This is what AI sees and hears when it watches 'The Joy of Painting'

It's like someone spiked your computer's drink with "ASCIID"


Computers don't dream of electric sheep, they imagine the dulcet tones of legendary public access painter, Bob Ross. Bay Area artist and engineer Alexander Reben has produced an incredible feat of machine learning in honor of the late Ross, creating a mashup video that applies Deep Dream-like algorithms to both the video and audio tracks. The result is an utterly surreal experience that will leave you pinching yourself.

Deeply Artificial Trees from artBoffin on Vimeo.

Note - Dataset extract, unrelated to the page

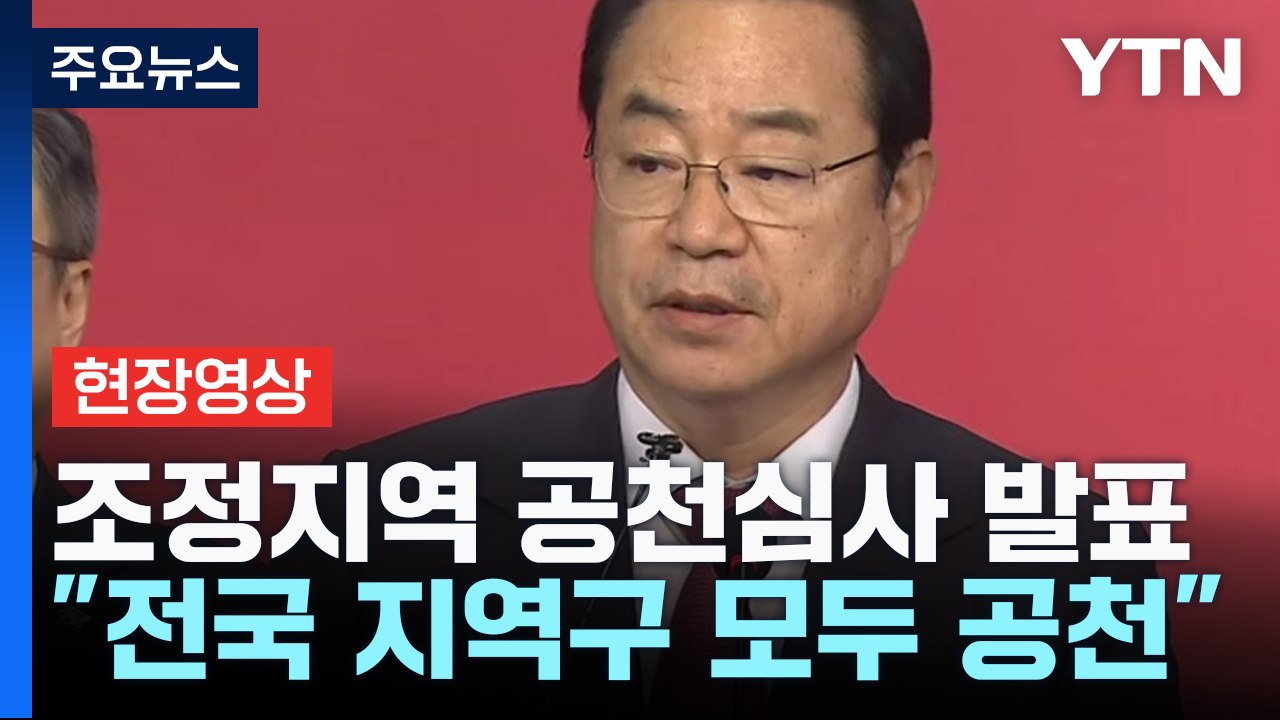 [현장영상+] 국민의힘, 19개 선거구 단수 추천 후보 추가 확정 / YTN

"A lot of my artwork is about the connection between technology and humanity, whether it be things that we're symbiotic with or things that are coming in the future," Reben told me during a recent interview. "I try to eek a bit more understanding from what technology is actually doing." For his latest work, dubbed "Deeply Artificial Trees", Reben sought to represent "what it would be like for an AI to watch Bob Ross on LSD."

To do so, he spent a month feeding a season's worth of audio into the WaveNet machine learning algorithm to teach the system how Ross spoke. Wavenet was originally developed to improve the quality and accuracy of sounds generated for text-to-speech systems by directly modelling the original waveform using each sample point (up to 16,000 every second for 16KHz audio), rather than rely on less effective concatenative or parametric methods.

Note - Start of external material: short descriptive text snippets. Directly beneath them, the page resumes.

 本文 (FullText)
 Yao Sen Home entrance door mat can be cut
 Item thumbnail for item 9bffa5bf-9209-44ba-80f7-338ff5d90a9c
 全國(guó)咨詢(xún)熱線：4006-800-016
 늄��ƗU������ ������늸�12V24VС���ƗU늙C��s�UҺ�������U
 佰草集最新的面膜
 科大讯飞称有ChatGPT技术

Essentially, it's designed to take in audio, make a model around what it's heard, and then produce new audio based on its model, Reben explained. That is, the system didn't study the painter's grammar or vernacular idiosyncrasies but rather his pacing, tone and inflection. The result is eerily similar to how Ross talks when he focuses on the painting and speaks in hushed tones. The system even spontaneously generated various breath and sigh noises based on what it had learned.

Reben has been refining this technique for a while. His previous efforts with Wavenet first trained the neural network to mimic the styles of various celebrities based off of each person's voice. Their words are jumbled and indecipherable but the cadence and inflections are spot on. You can hear that it's President Obama, Ellen DeGeneres or Stephen Colbert speaking, even if you can't understand what they're saying. He also trained the system to generate its best guess as to what an average English-language speaker would sound like based on the input from a 100-person sample.

For the video component, Reben leveraged a pair of machine learning algorithms, Google Deep Dream models on TensorFlow and a VGG model on Keras. Both of these operate on the already familiar Deep Dream system wherein the computer is "taught" to recognize what it's looking at after being fed series of training images that have been pre-categorized. The larger the training set, the more accurate the resulting neural network will be. But, unlike systems such as Microsoft's Captionbot, which only report on at what they're seeing, Deep Dream will overlay the image of what it thinks it sees (be it a dog or an eyeball) on top of the original image -- hence the LSD trip-like effects. The result is an intensely disconcerting experience that, honestly, is not far from what you'd experience on an actual acid trip.

Interestingly, both components of this short movie -- the audio and video -- were produced independently. The audio portion required a full season's worth of speech in order to generate its output. The video portion, conversely, only needed a handful of episodes to stitch together. "Really, it's what a computer perceives Bob Ross to sound like along with a computer 'hallucinating' what it sees in each frame of the video," Reben explained.